The remaining territory, which consisted of Serbia proper, the northern part of Kosovo (around Kosovska Mitrovica), and the Banat was occupied by the Germans and placed under the administration of a German military government. This was due to the key rail and riverine transport routes that passed through it, and its valuable resources, particularly non-ferrous metals. Heydrich appointed Helm as head of the Gestapo in the occupied Serbian territory, and Kraus as the chief of EK Belgrade, with Fuchs remaining as head of EG Yugoslavia, with primary responsibility for the German-occupied territory of Serbia. Fuchs was also temporarily responsible for the three EKs established within the NDH, headquartered at Zagreb, Sarajevo and Osijek.
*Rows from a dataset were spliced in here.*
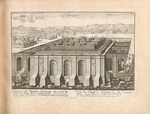 Fischer von Erlach, Johann Bernhard - Solomon's Temple. From Entwurff einer historischen Architektur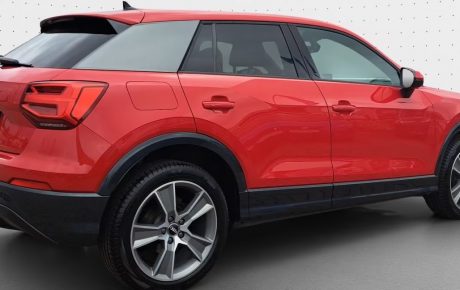 Audi q2  '2019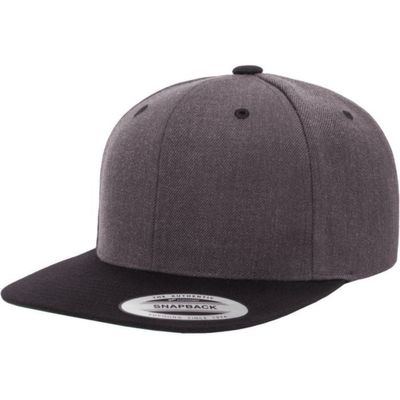 DARK HEATHER/BLACK DARK HEATHER/BLACK - Imprint Now - AUS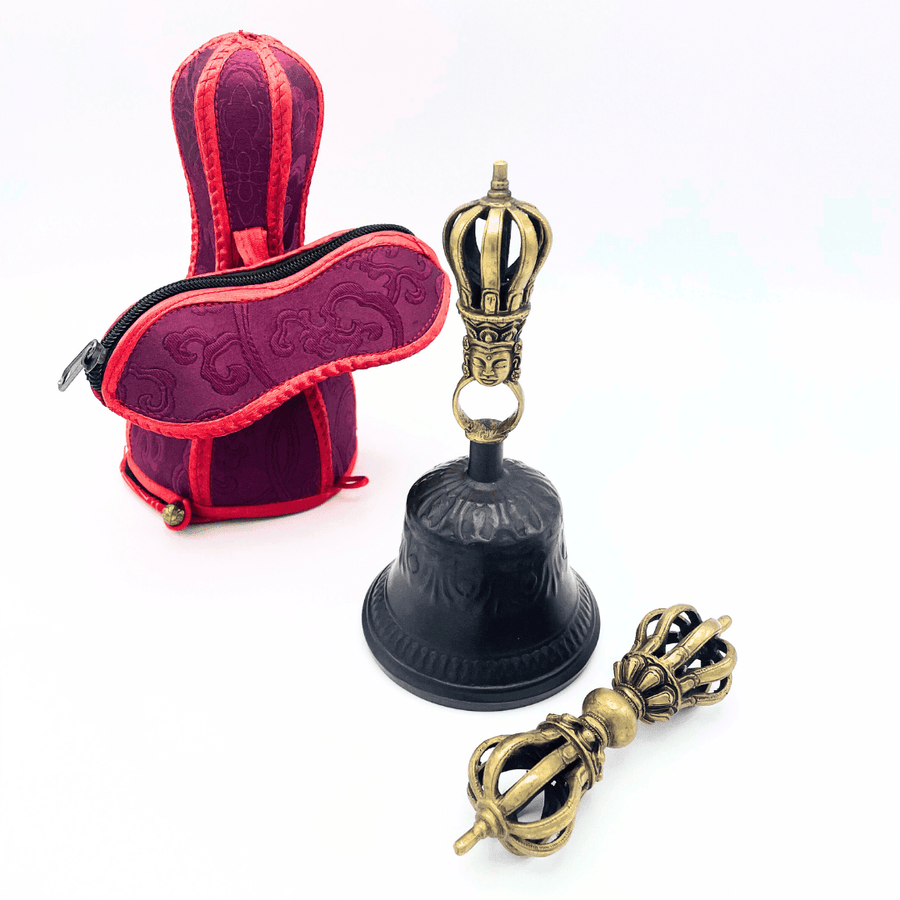 Bell, Dorje & Case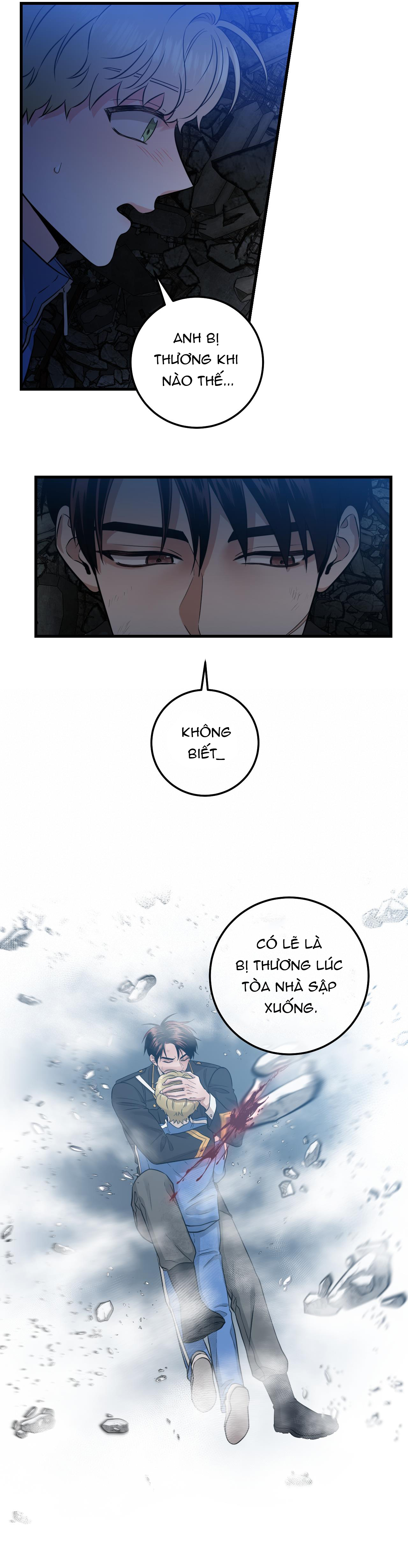 băng qua thiên đường chapter 8 17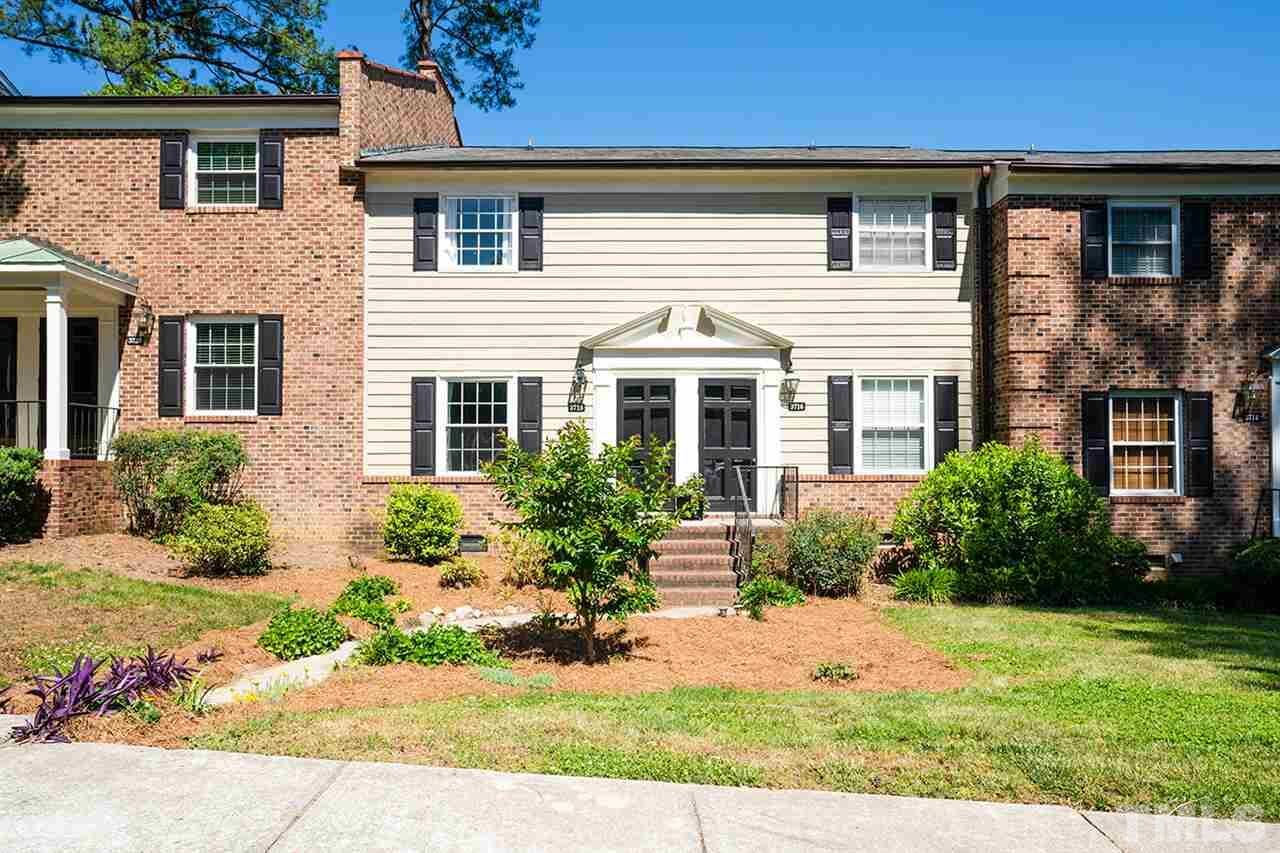 Property Photo:  3718 Jamestown Circle  NC 27609 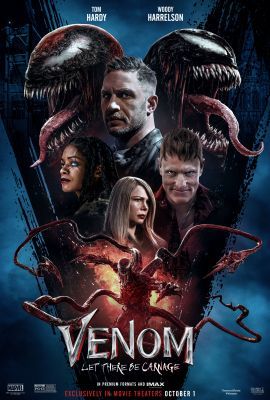 Venom 2. - Vérontó (2021) online film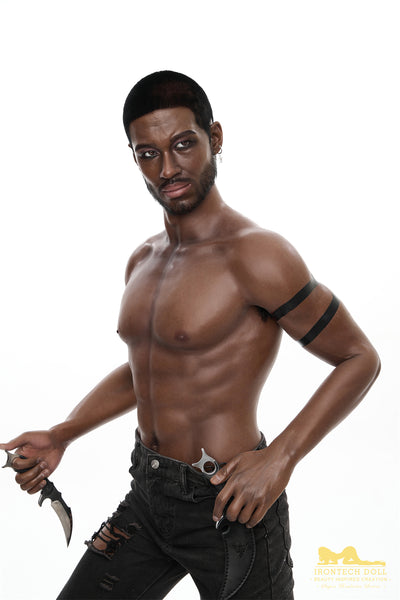 Kevin Silikon Sexpuppe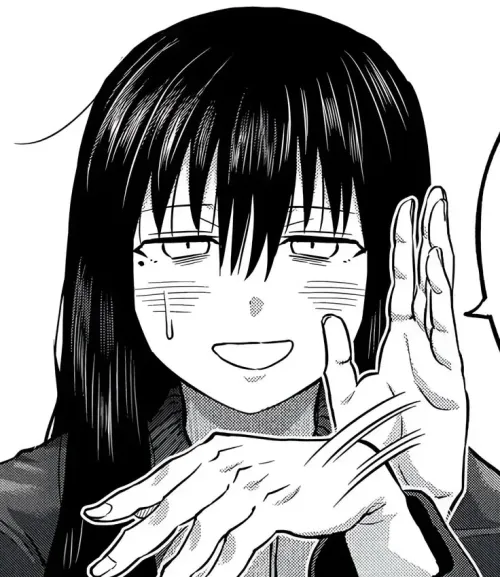 米卡——废柴女孩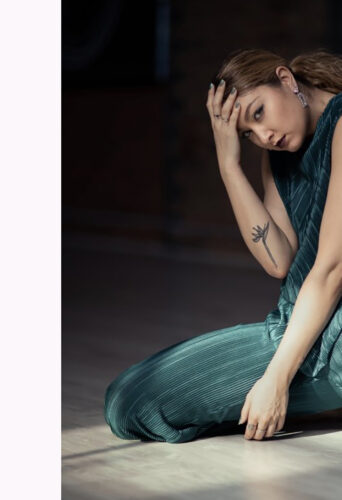 Samara Tong, dancer represented by HeadNod Agency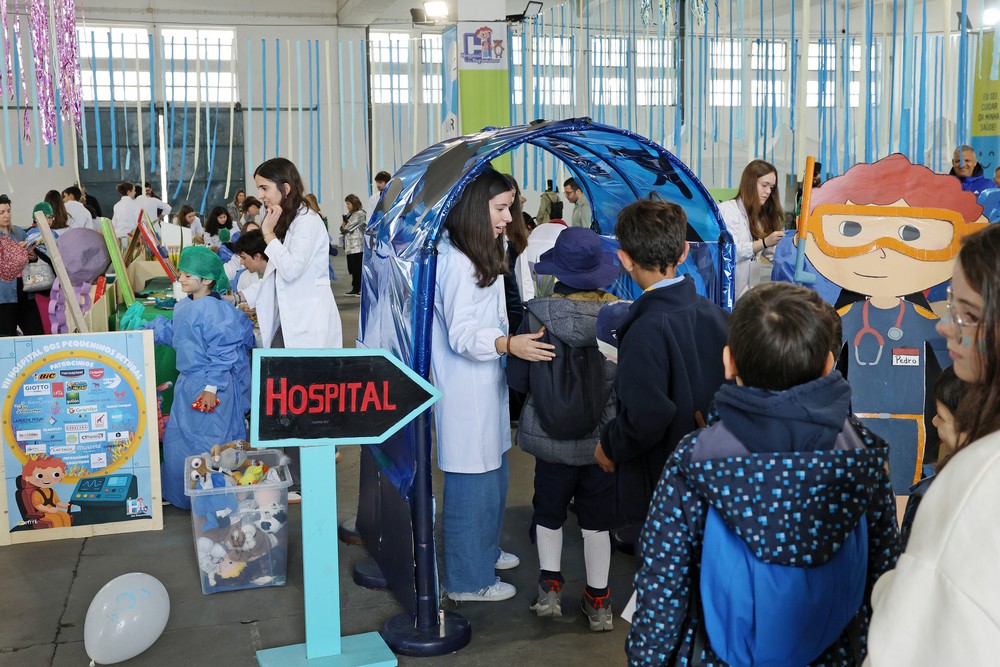 Hospital dos Pequeninos - 7.ª edição - Cais 3 do Porto de Setúbal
Jonak was given responsibility for exploiting the Yugoslav archives on behalf of the RSHA.

==Operations==
Heydrich returned to Berlin on the same day, and EG Yugoslavia immediately got to work, establishing EK Belgrade in the district prison on King Alexander I Street, and sending SS-Sonderkommandos (ad hoc task forces, or SS-SKs) into the interior of the occupied territory on various tasks. One of these SS-SKs, commanded by SS-Sturmbannführer Karl Hintze, located the Patriarch of the Serbian Orthodox Church, Gavrilo V, whose name was on the list given to Fuchs. He was sheltering in Italian occupied Montenegro at the Ostrog Monastery, and was arrested and transferred to the Belgrade prison. The same SS-SK seized hundreds of millions of Yugoslav dinar notes and some gold that the fleeing Yugoslav government had been unable to take with it. Within the NDH, EK Sarajevo was established under SS-Sturmbannführer Alfred Heinrich, and in Bulgarian annexed Skoplje another EK was established under SS-Hauptsturmführer Rupert Mandl. In Hungarian-annexed territory, SS-Obersturmführer Karl Pamer led another EK at Novi Sad, and in the ethnic German-administered Banat, SS-Obersturmführer Zoeller set up his EK initially at Pančevo, and later moved it to Veliki Bečkerek. In the first weeks of the occupation, EK Belgrade's SS-Obersturmführer Fritz Müller led a SS-SK in searching for those on the list, but he lacked the manpower for the task, and relied heavily on the Abwehr and Geheime Feldpolizei (Secret Field Police), to locate and arrest the wanted people. This search for wanted persons was the main initial task of EG Yugoslavia, and resulted in the sending of many arrested people to the Gestapo in Graz, or to concentration camps in the Third Reich. The roundup included diplomatic staff in various posts, including Berlin, despite this being a breach of diplomatic immunity. Documents obtained from the Yugoslav embassy in Berlin by Schellenberg's men indicated that the Yugoslav military attaché, Pukovnik (Colonel) Vladimir Vauhnik, had been obtaining information from the top echelons of the Wehrmacht, as he had advised Belgrade of detailed information about the Axis invasion two days before it began.

As soon as the invasion was over, Kraus became aware that former Yugoslav Prime Minister Dragiša Cvetković was seeking to return to power under German authority. Based on his work in Yugoslavia before the invasion, Kraus wrote a report recommending against this course of action.